Anyone who has used arrival metaphylaxis will tell you that some cattle will need another treatment. This is because in every pen there are some calves that will recover from pneumonia without treatment, some that will respond to the arrival treatment and some that will not respond to the arrival treatment. Our problem is we just don’t know which animals will respond which way.
However, that doesn’t mean we operate without some data. When we look at multiple pens, we can discover how effective our treatments can be. For example, research done for FDA approval for injectable antibiotics shows that we have to treat five calves on arrival to keep from treating one calf later. (Apley, Virginia VMA, “Antibiotic Differences in Cattle,” 2018). With an average cost of $20.14 per head for a 500-pound calf, this means we spend $100.70 on that one calf.
Our question then is will we get our money’s worth? We all recognize that highly comingled and stressed cattle need metaphylaxis. We also know that short-haul, low-stress cattle do not. But what about the groups in between, that have some level of stress and some degree of comingling?
While not perfectly predictive, we can look at some indictors to decide if metaphylaxis is a good idea or unnecessary.
Get a history
Having a history on the calves is key to deciding to use metaphylaxis or not. Even if you don’t have a history in the form of vaccination or weaning records, that is still historical information—it says that the owner didn’t think his or her preconditioning practices were enough of a selling point to be worth advertising. These calves are probably worth treating.

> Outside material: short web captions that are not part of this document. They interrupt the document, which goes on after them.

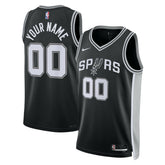 San Antonio Spurs Unisex Swingman Custom Jersey Black - Icon Edition | Nike cheap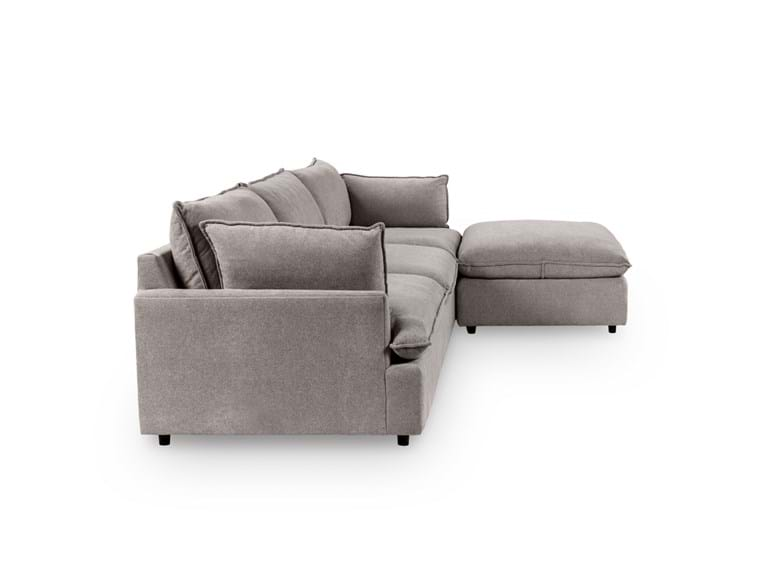 Classic Home Furniture - Caplan Upholstered 4 Piece Modular Sectional in Charcoal - 5308SC4ECH - GreatFurnitureDeal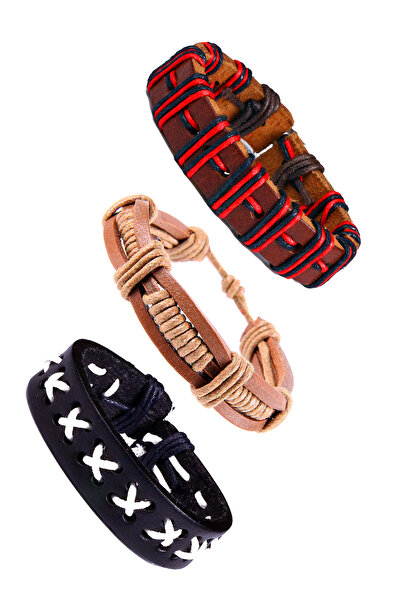 Dejavu حزمة سوار جلدي قابل للتعديل للجنسين مع تفاصيل حبل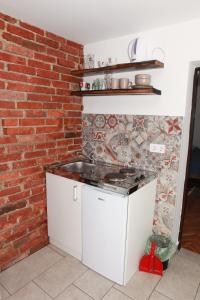 Kuchyňa alebo kuchynka v ubytovaní Apartman Kupa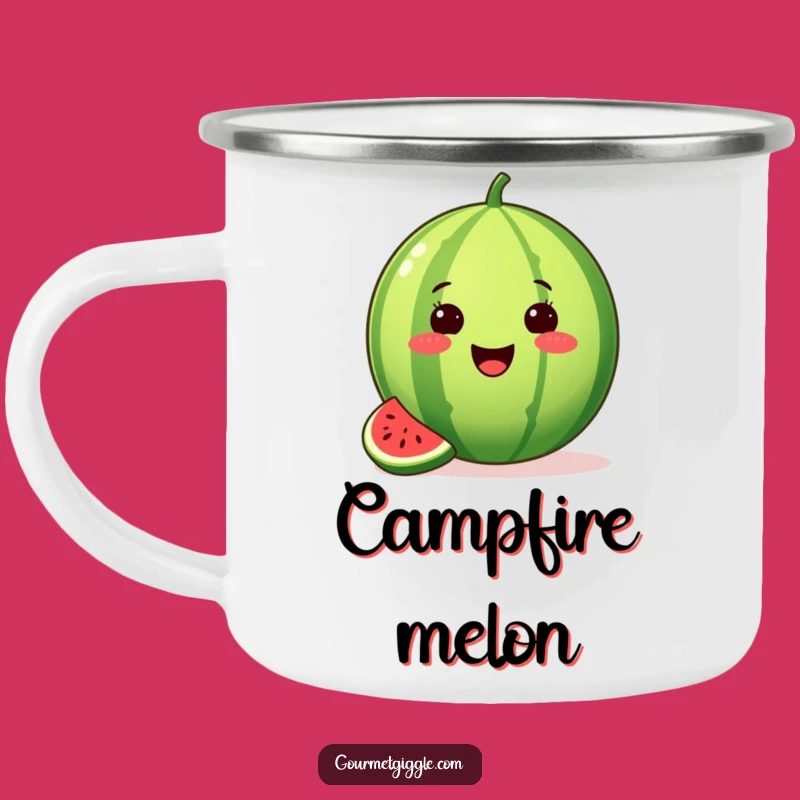 Funny Watermelon Camping Mug - Your Slice of Summer Adventure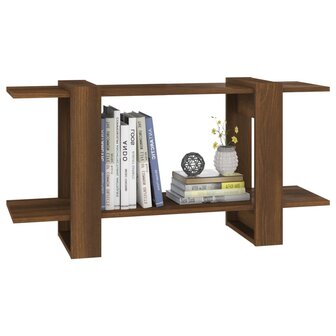 Boekenkast 100x30x51 cm bewerkt hout bruineikenkleurig 8720286844021 5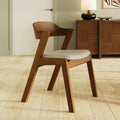 Meja Dining Chair - Walnut and Ratine Buff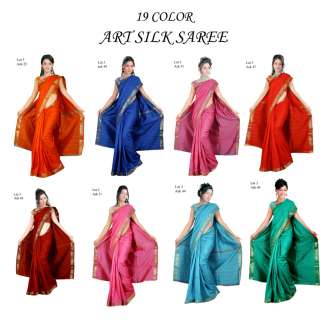 La cortina de seda sari de arte indio cubre color de la tela 14 del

For known histories, look for length of time weaned. Calves weaned 45 days and from the same ranch are usually lower risk. However, just because they are "one-ranch" calves doesn’t guarantee they are not comingled. Calves gathered from eight geographically separate pastures and weaned on the truck are comingled similar to calves from eight different ranches.
If you get your cattle from the same source every year and they usually don’t require metaphylaxis, there are a couple red flags that may cause you to use it this year. If you are sent fewer cattle than years past or the calves are coming in lighter and rougher looking, this is a sign that the health on these calves will not be up to the level you had in the past. Here, arrival treatment may be indicated.
We know that shrink is indicative of the stress calves went through before arriving to your operation. A good, quick test to try is to weigh at least ten calves off the truck. If you have a shrink of greater than 10%, it is much more likely you will have major disease issues in that group of calves. Treat them on arrival, give them the most comfortable new home pen or pasture you possibly can (stress tubs are a great asset in this case) and be ready to pull heavily.
Your environmental impact
Your labor situation can have a distinct impact on whether or not you utilize arrival metaphylaxis. In an outbreak, can you and your crew stay on top of pulling and treating? And does this change throughout the year? If you can, not using metaphylaxis will incur a significant cost savings.
Where you receive calves also makes a difference as to how likely it will be to require metaphylaxis. Calves that go into a grass trap will be more spread out and less apt to be sick than those that go into a dirt pen. This can influence your decision to use metaphylaxis or not. However, take extra care to control flies, as calves bunched together to swat flies lose the space advantage that comes with pasture.
Using metaphylaxis on moderate-risk calves is decided on a case-by-case basis. Taking the sum of the positive and negative indicators for health outlined in this article functions as a guide to making the best-informed decision. If you are unsure of what to do, involve your veterinarian both before the cattle arrive and upon arrival.